Che cosa c’è di più nobile e comprensibile del desiderio di avere un focolare, una casa, una patria? Nulla. Per questo la causa dei curdi, 30 milioni di persone note per essere “il più grande popolo senza uno Stato”, spesso perseguitate, ingannate da Francia, Regno Unito e Usa che nel 1923 (Trattato di Sévres) ritirarono le promesse loro fatte nel 1920 (Trattato di Varsailles), suscita tanta simpatia e il risultato del referendum per l’indipendenza, appena svolto nel Kurdistan iracheno con un “sì” plebiscitato dal 92,7% dei votanti, è stato accolto con tanta comprensione. Però…

Se appena proviamo ad alzare lo sguardo dalla questione specifica, scopriamo che il quadro (anche al netto della prevedibile ostilità del governo centrale dell’Iraq, della Turchia e dell’Iran) potrebbe essere assai meno idilliaco di quanto sembri. E molti ideali un po’ meno nobili di quanto vogliano apparire.

In primo luogo, non può essere una coincidenza che questo referendum sia stato convocato da Massoud Barzani, presidente del Kurdistan e uno dei due notabili (l’altro è Talabani) che controllano la regione, e svolto in tutta fretta quando la sconfitta militare dell’Isis è diventata evidente. Di referendum sull’indipendenza si parla almeno dal 2003, cioè da quando americani e inglesi, grandi protettori del Kurdistan (soprattutto i primi), decisero di invadere l’Iraq e liquidare Saddam Hussein. Da allora, per quattordici anni, il referendum è stato evocato, minacciato, proposto e posposto in una sequela senza fine di finte e controfinte. Proprio adesso, invece, è diventato indispensabile svolgerlo davvero.

Un tempismo un po’ sospetto. Sarà solo un cattivo pensiero ma si ha la sensazione che il referendum serva, oggi, a proseguire la politica di spezzettamento dell’Iraq e del Medio Oriente così cara alle potenze occidentali. Fin dal 2003, infatti, i pensatoi politici anglosassoni si fecero promotori dell’idea di fare spezzatino dell’ex dominio di Saddam, assegnandone una parte agli sciiti, una ai sunniti e la terza appunto ai curdi. In qualche fase, per completare l’opera, si parlò anche di un “safe haven”, un “porto sicuro”, per i cristiani iracheni nella zona di Mosul. Se poi alziamo ulteriormente lo sguardo, e ripensiamo alla guerra in Siria, notiamo che il progetto anche lì era analogo, solo molto più cruento: abbattere il regime di Bashar al-Assad e spezzettare il Paese, suddividendolo tra Arabia Saudita, Turchia, Giordania e chissà chi per zone d’influenza. Come se le nostre cancellerie avessero una paura matta degli Stati unitari, nazionali e riuscissero a sopportare solo le confederazioni tribali e avessero deciso di smembrare i primi e mettere sotto tutela le seconde. Cosa che peraltro avviene da un secolo giusto, cioè da quando Francia e Regno Unito fecero a pezzi l’impero ottomano (1916) e crearono la macedonia che abbiamo avuto finora sotto gli occhi.

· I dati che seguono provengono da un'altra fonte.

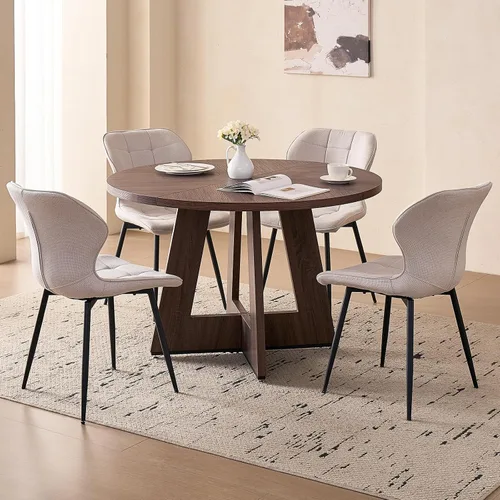 Vista 35 de Juego de mesa redonda de comedor de 47 pulgadas para 4, base en abanico, parte superior de 1.38 pulgadas de grosor, mesa de cocina de madera con 4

In altre parole, e con il massimo rispetto per gli ideali dei curdi iracheni, questo referendum, che ha sollevato venti belligeranti tra Turchia, Iran e Iraq e tra gli stessi curdi (tra quelli del Rojava siriano e quelli del Kurdistan non corre buonissimo sangue), rischia di essere utilizzato come un grimaldello per far saltare il Medio Oriente, una specie di attrezzo di scorta dopo che il martello pneumatico chiamato Isis è finito in discarica.

E la sensazione cresce se, osservando un orizzonte più ampio, notiamo come siano sotto attacco da parte dell’amministrazione Usa, tornata sotto il controllo dei generali e dei finanzieri che da decenni fanno da padroni alla Casa Bianca e altrove, gli unici veri Stati nazione della regione. All’Egitto sono stati appena tagliati 300 milioni di dollari di aiuti allo sviluppo e alla sicurezza. La Turchia ha subito un tentativo di colpo di Stato in cui è probabile, anche al netto delle invettive di Recep Erdogan, che gli Usa abbiano avuto una qualche parte. E l’Iran, dopo decenni di sanzioni, è tornato nel mirino. Inutile dire, ovviamente, che nella narrazione occidentale si tratta non della pratica del “divide et impera” ma di nobili e disinteressati interventi in difesa dei diritti umani e della democrazia.